I am experimenting NLTK package using Python. I tried to downloaded NLTK using nltk.download(). I got this kind of error message. How to solve this problem? Thanks.

The system I used is Ubuntu installed under VMware. The IDE is Spyder.

enter image description here

After using nltk.download('all'), it can download some packages, but it gets error message when downloading oanc_masc

enter image description here

Engel answered 26/12, 2014 at 14:35 Comment(6)

Why aren't you installing python-nltk using apt-get? – Herodotus 26/12, 2014 at 14:41

@CristianCiupitu you can install nltk however you want, but you then use nltk.download() to download the corpus data after you've installed it. – Supernaturalism 26/12, 2014 at 14:43

@Ffisegydd, do you have any solution to solve this problem?
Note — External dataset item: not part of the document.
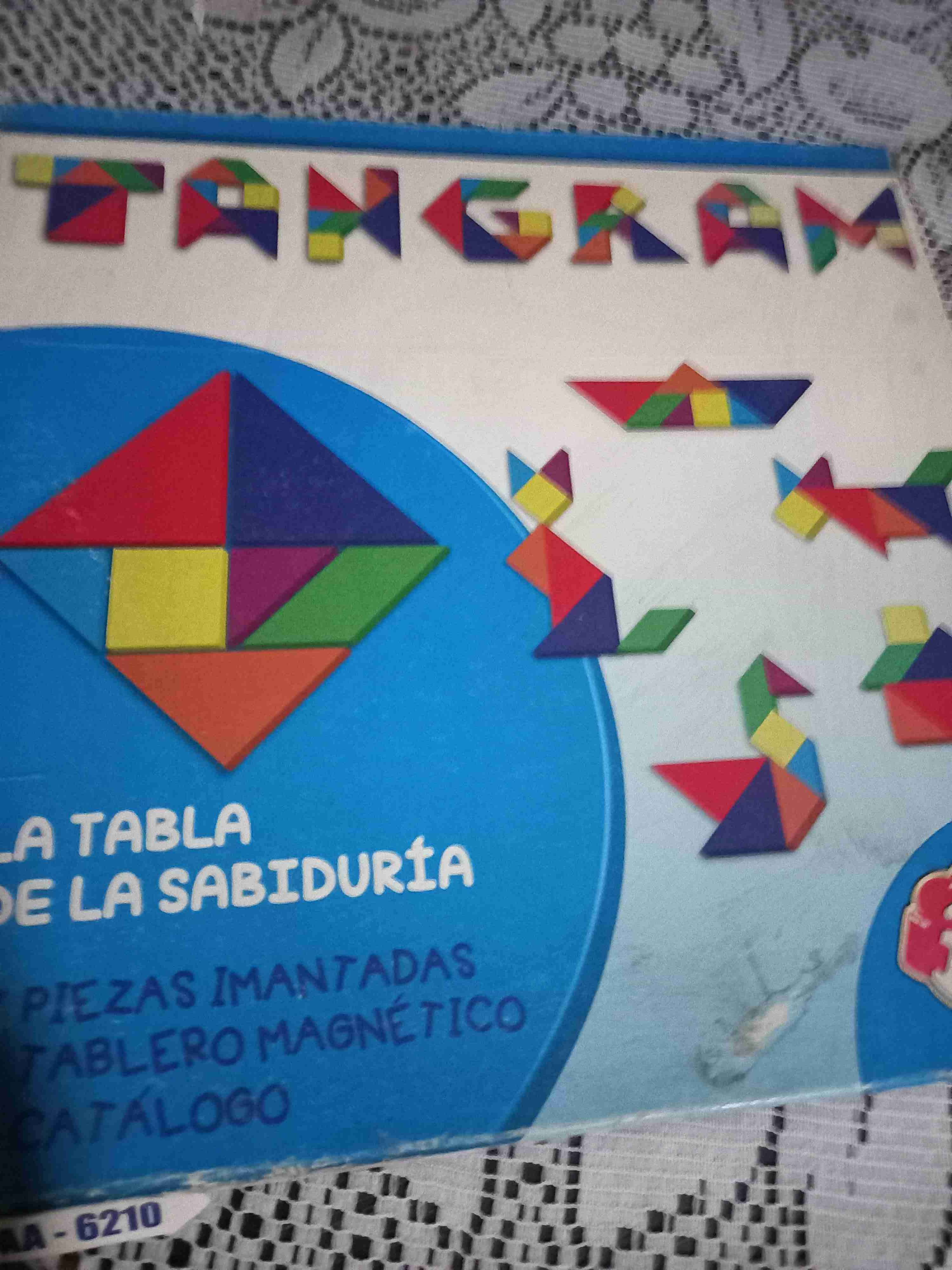 Juego de Tangram multicolor - miniatura 2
Thanks. – Engel 26/12, 2014 at 15:34

Have you modified any of the settings at all? – Supernaturalism 26/12, 2014 at 15:35

I did not modify any setting. Just install ubuntu under vmware. The host system is windows 7. – Engel 26/12, 2014 at 17:56

Looks like something is wrong with their server. Can't download nltk data as well. The server doesn't answer – Vicenta 19/10, 2015 at 16:4

To download a particular dataset/models, use the nltk.download() function, e.g. if you are looking to download the punkt sentence tokenizer, use:

$ python3
>>> import nltk
>>> nltk.download('punkt')

If you're unsure of which data/model you need, you can start out with the basic list of data + models with:

>>> import nltk
>>> nltk.download('popular')

It will download a list of "popular" resources.
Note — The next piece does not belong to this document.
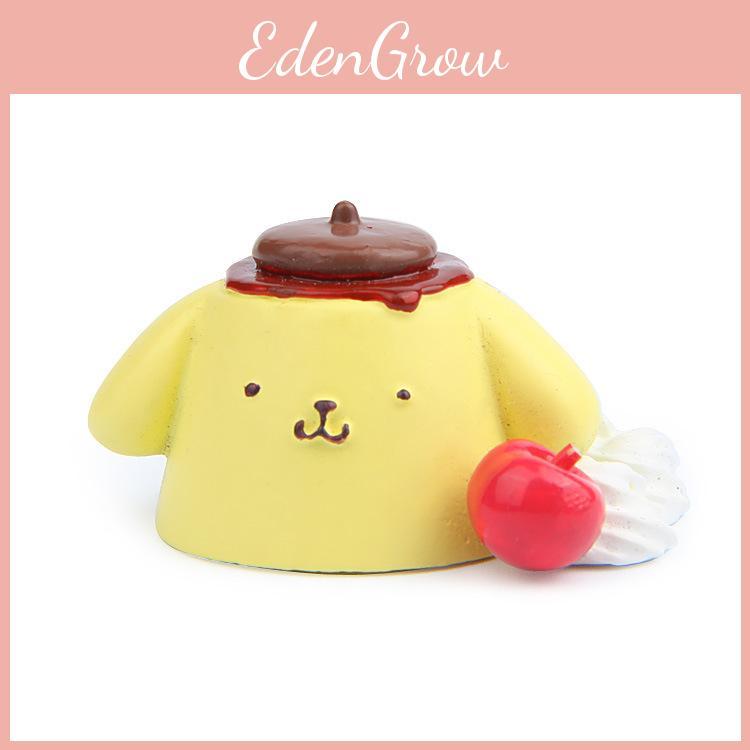 Burger Pompompurin Cartoon Bread And Cup Resin Ornaments For Party Gifts And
Ensure that you've the latest version of NLTK because it's always improving and constantly maintain:

$ pip install --upgrade nltk

EDITED

In case anyone is avoiding errors from downloading larger datasets from nltk, from https://mcmap.net/q/263475/-nltk-panlex_lite-giving-me-error

$ rm /Users/<your_username>/nltk_data/corpora/panlex_lite.zip
$ rm -r /Users/<your_username>/nltk_data/corpora/panlex_lite
$ python

>>> import nltk
>>> dler = nltk.downloader.Downloader()
>>> dler._update_index()
>>> dler._status_cache['panlex_lite'] = 'installed' # Trick the index to treat panlex_lite as it's already installed.
>>> dler.download('popular')

And if anyone wants to find nltk_data directory, see https://mcmap.net/q/211871/-nltk-doesn-39-t-add-nltk_data-to-search-path

And to config nltk_data path, see https://mcmap.net/q/209709/-how-to-config-nltk-data-directory-from-code

Emplacement answered 26/12, 2014 at 18:4 Comment(4)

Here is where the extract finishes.